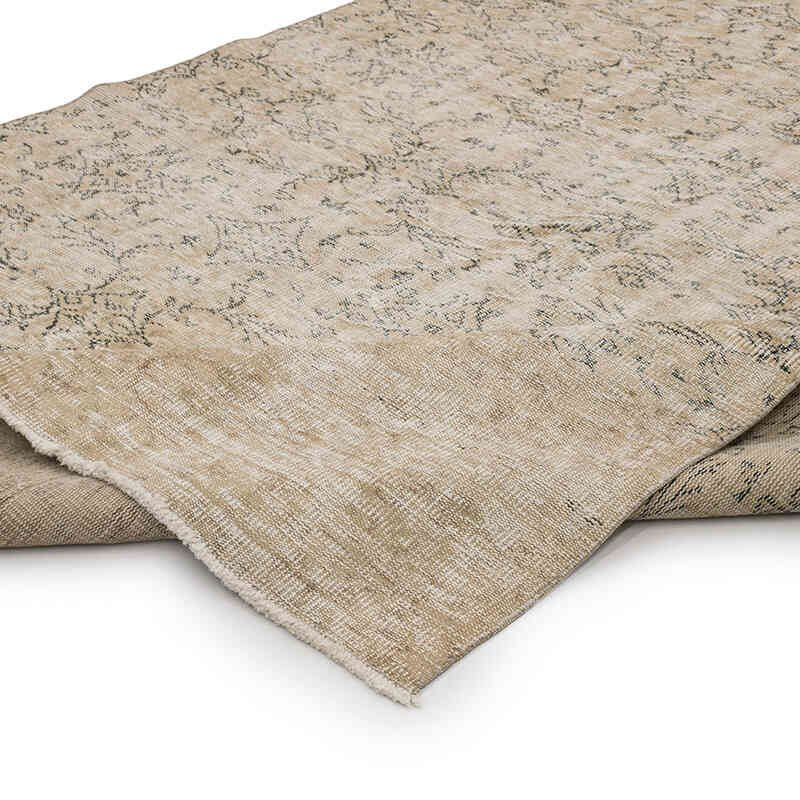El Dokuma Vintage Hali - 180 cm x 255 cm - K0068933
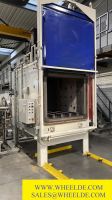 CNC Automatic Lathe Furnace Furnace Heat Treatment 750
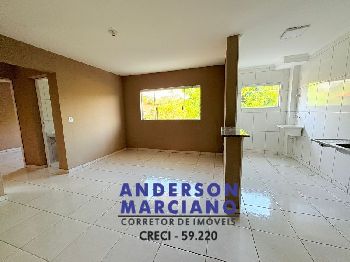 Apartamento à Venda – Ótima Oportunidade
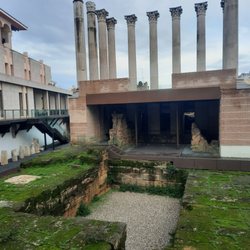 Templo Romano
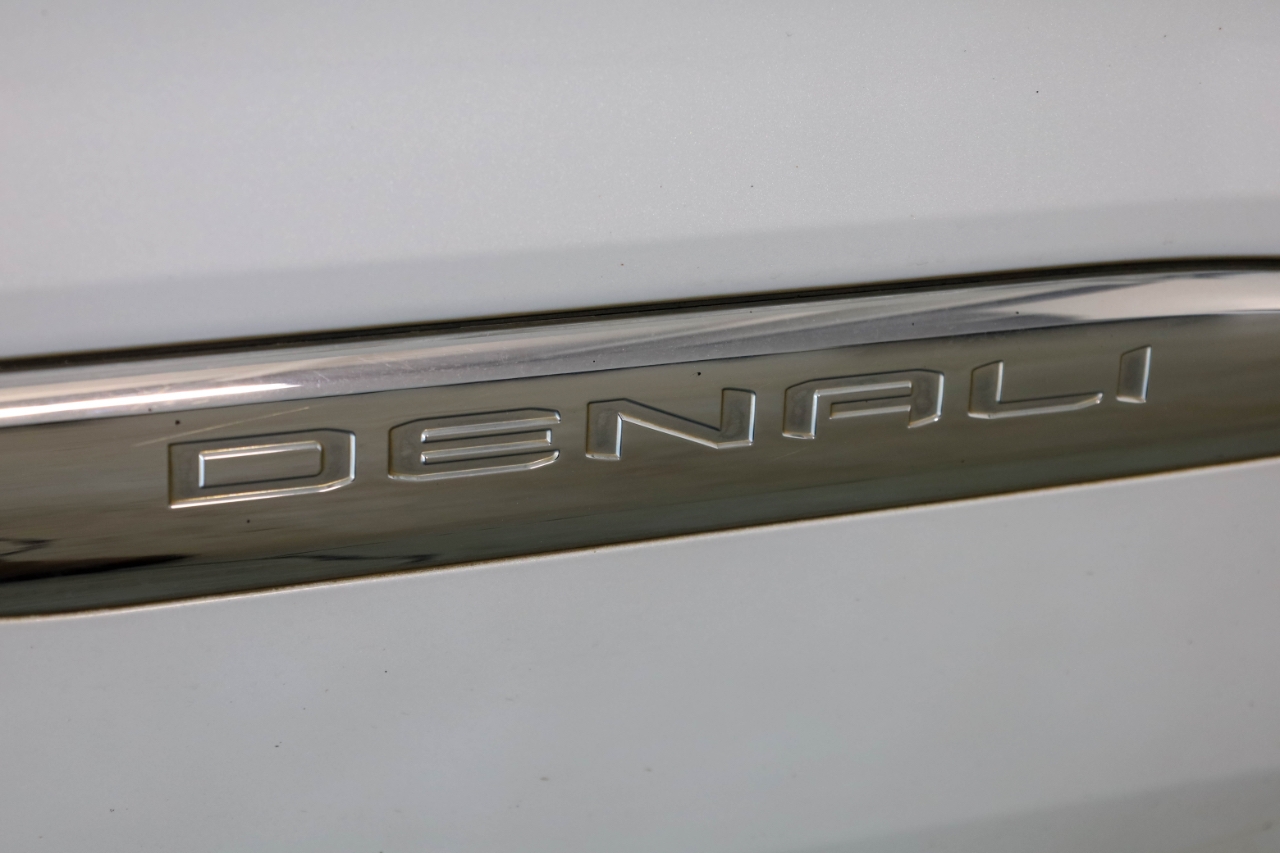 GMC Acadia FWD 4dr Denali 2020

────────

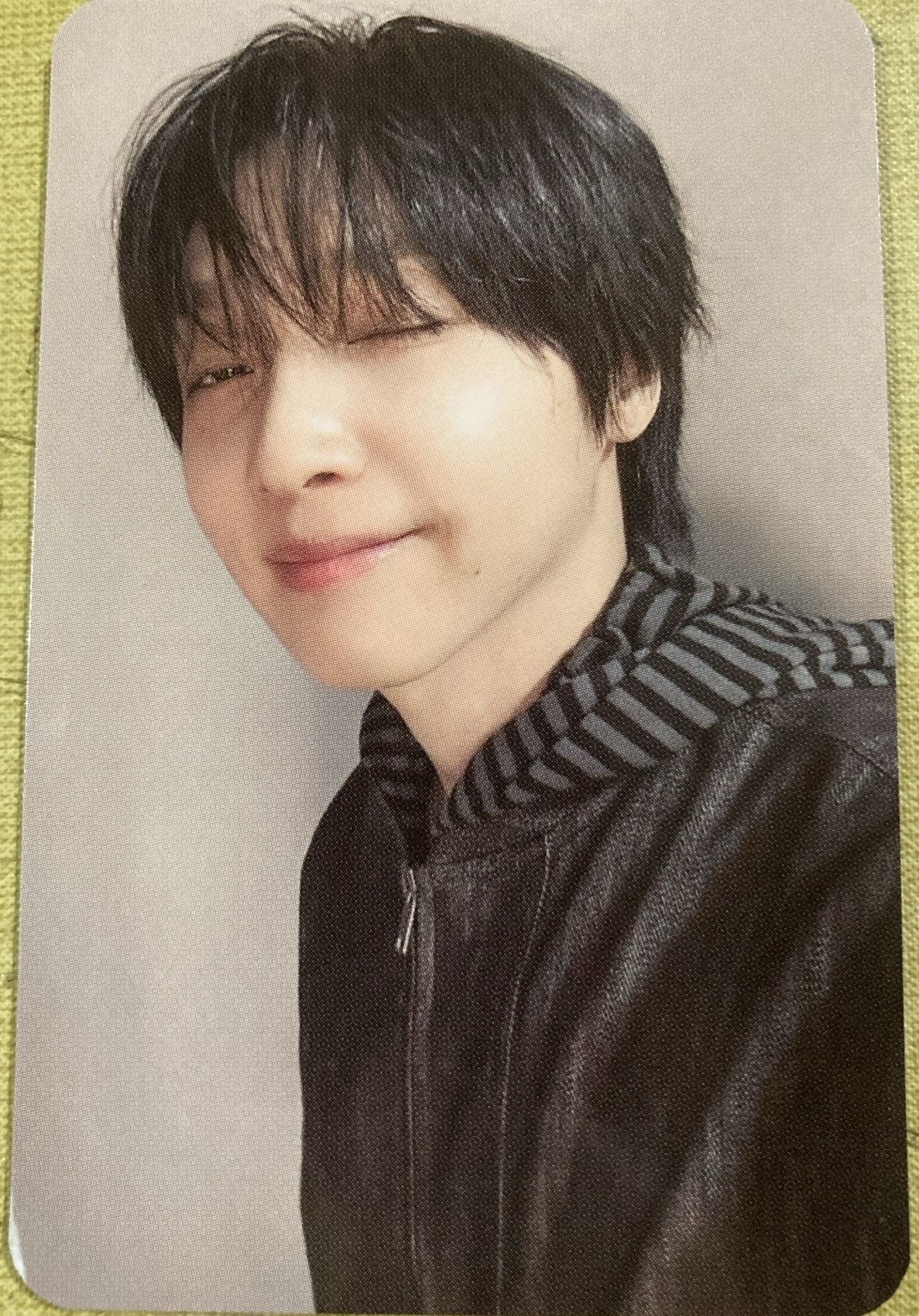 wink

────────

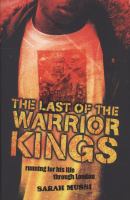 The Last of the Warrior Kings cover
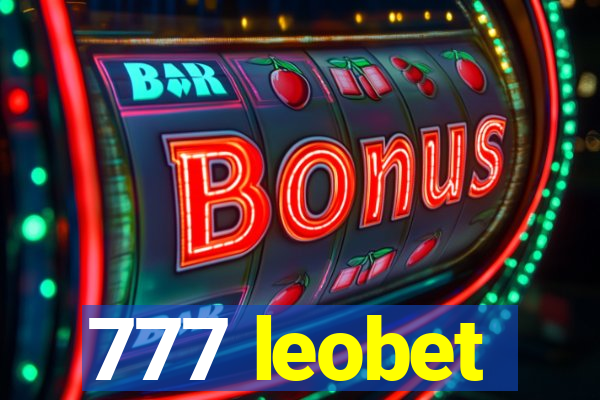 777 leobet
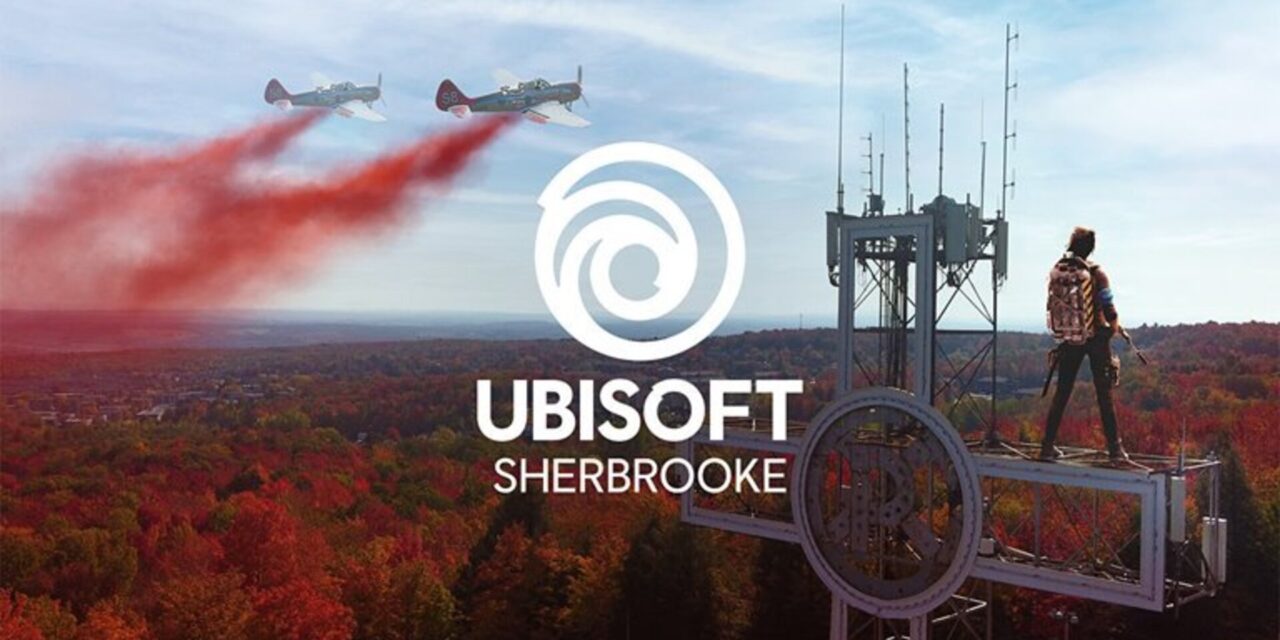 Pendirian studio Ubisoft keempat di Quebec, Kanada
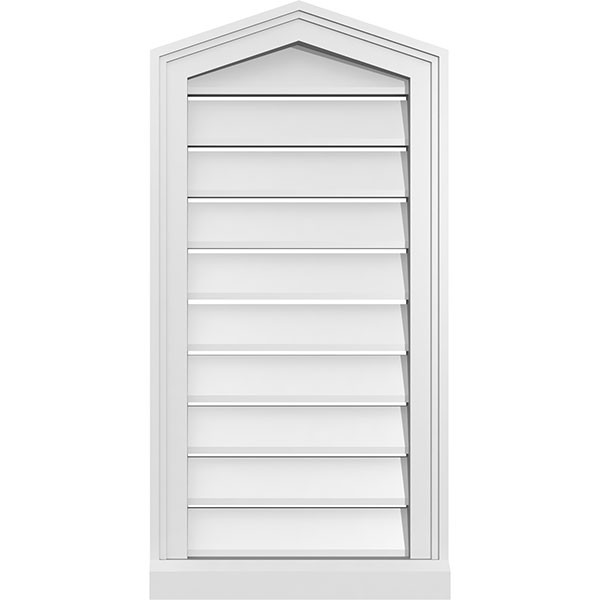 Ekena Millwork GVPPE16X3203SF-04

────────

→ **Requirement**:
Output only the lines above from the one containing "The Last of the Warrior Kings cover" to the one containing "Ekena Millwork GVPPE16X3203SF-04", both included, exactly as written and with no pictures.

→ **Task answer**:
 The Last of the Warrior Kings cover
 777 leobet
 Pendirian studio Ubisoft keempat di Quebec, Kanada
 Ekena Millwork GVPPE16X3203SF-04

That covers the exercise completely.